Make a Table Base
1. Start by cutting four 4"x4" blanks for the legs A to a rough length of 29-1/2". Using a table saw, trim the leg blanks to final width and thickness; using a miter saw, trim the parts to final length (Cutting List, Cutting Diagram).
2. For the remaining table base parts, cut the long aprons B, short aprons C, corner braces D, and stretchers E to width and length. Cut a 45° miter on both ends of the corner braces (Drawing 1, Project Diagram) and drill a 1/4" hole centred on the face of each brace.
3. Drill holes for the pocket-hole screws in the long and short aprons and the stretchers (Drawing 2, Project Diagram). Note: You will need to set your pocket-hole jig to pre-drill material that is 1" thick. Sand all parts to 220 grit.
4. Begin building the base assembly by attaching the long and short aprons to the legs using glue and 2" pocket-hole screws (Drawing 3, Project Diagram). Note: Inset the aprons 1/4" from the outside face of the legs.
5. Glue the corner braces into each corner of the table; reinforce by driving 2" pocket-hole screws through the blocks into the aprons as shown -- no pocket holes are required.
6. Using a 3/16" bit, drill a pilot hole into the corner of the leg, centring the bit in the 1/4" hole you drilled in the corner block (Photo 2). Reinforce the corner joint by driving a 1/4" lag screw through the brace into the leg.
7. Complete the table base assembly by adding the stretchers between the long aprons using glue and pocket-hole screws.
Top and Finish
1. Complete the table base assembly by adding the stretchers between the long aprons using glue and pocket-hole screws.
2. Apply a pre-stain conditioner, following the manufacturer's instructions, to prevent the stain from turning blotchy in the soft wood; then apply a stain of your choice to the slats using a foam brush.
3. When the stain is dry, brush on three coats of a semigloss polyurethane to the table base and slats. Allow each coat to dry; lightly sand between coats with 320-grit sandpaper to remove rough spots.
Bring it Together
1. Place a couple of sanded scrap 2"x4"s on the floor , and lay your slats on them with the best face down. (The 2"x4"s will protect the finished parts from being scratched by the floor.) Align the ends of the slats and butt them against one another.
2. Centre the table assembly on the slats and secure the table base to the slats (Photo 3) with 2" pocket-hole screws through the aprons and stretchers.
3. With the top secured, add felt pads to the bottom of each table leg.
Good to Know:
Can't find non-pressure-treated 4"x4"s in your area?
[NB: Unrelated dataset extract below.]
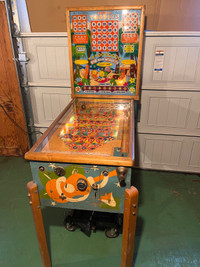 Antique Crystal Beach arcade pinball machine ORIGINAL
Use 2"x4"s instead. For each leg, cut two boards 31" long, and laminate them together with glue and clamps. When the glue has cured, rip the 3-1/2"-wide laminated blank to 3" in width, taking 1/4" of the width off each edge. Trim the laminated blank to 28-1/2" long, and a 3" square leg is born!
Begin the Bench
1. For the benches, use the same procedure to prep the materials as you did with the table: Cut the part 1" longer than called for, trim to width,and then cut to final length. Prepare the material and cut the legs A and the braces B to size (Cutting List, Cutting Diagram). Cut a 6° angle on the tops of the legs using a miter saw (Drawing 1, Project Diagram).
2. Position two legs on your workbench with the bottoms flush. Cut a 1/4"-thick spacer to place between the legs. Centre the brace on top of the legs with the bottoms flush, and use the angles cut at the top of the legs to mark the angle at the top of the brace. (Photo 1) (include image)
3. Cut the angle on the brace using a jigsaw. Drill two pocket-holes for securing the seats along the top edge of the braces; sand the legs and braces (Drawing 2) to 200 grit.
4. Assemble the legs and braces using glue and screws. Position the parts with the bottoms flush, separating the legs with the 1/4" spacer (Photo 2). We drilled 1/8" countersunk pilot holes so the screws would drive easily and not strip.
Set the Seat
1. Cut the stretchers C and slats D to length and width. For the stretchers, drill 4 pocket holes equally spaced along the length. Sand the parts with 200-grit sandpaper.
2. To attach the stretchers to the end assemblies, cut a scrap to 11-7/8" long, turn the end on its side, and place the stretcher in position, supporting the opposite end with the scrap (Photo 3). Pre-drill the hole and secure the stretcher to the leg brace with glue and screws. Add a second end assembly, flip the bench over, and add the second stretcher.
3. Apply a finish using the same process you used for the table.
4. Place one of the seat slats on the bench so the edge of the slat is aligned with the 1/4" gap between the legs (Photo 4) and centred end to end on the bench. Secure the slat to the bench by driving pocket-hole screws from the underside. Place the remaining slat in position and secure.
5. Your bench now just needs some felt pads. Attach them to the leg bottoms and set the table for dinner!
Good to Know:
Let your lumber acclimate to your work space for one week prior to machining. The material will stabilize, and the boards will be less likely to twist when you cut the individual parts from the larger pieces.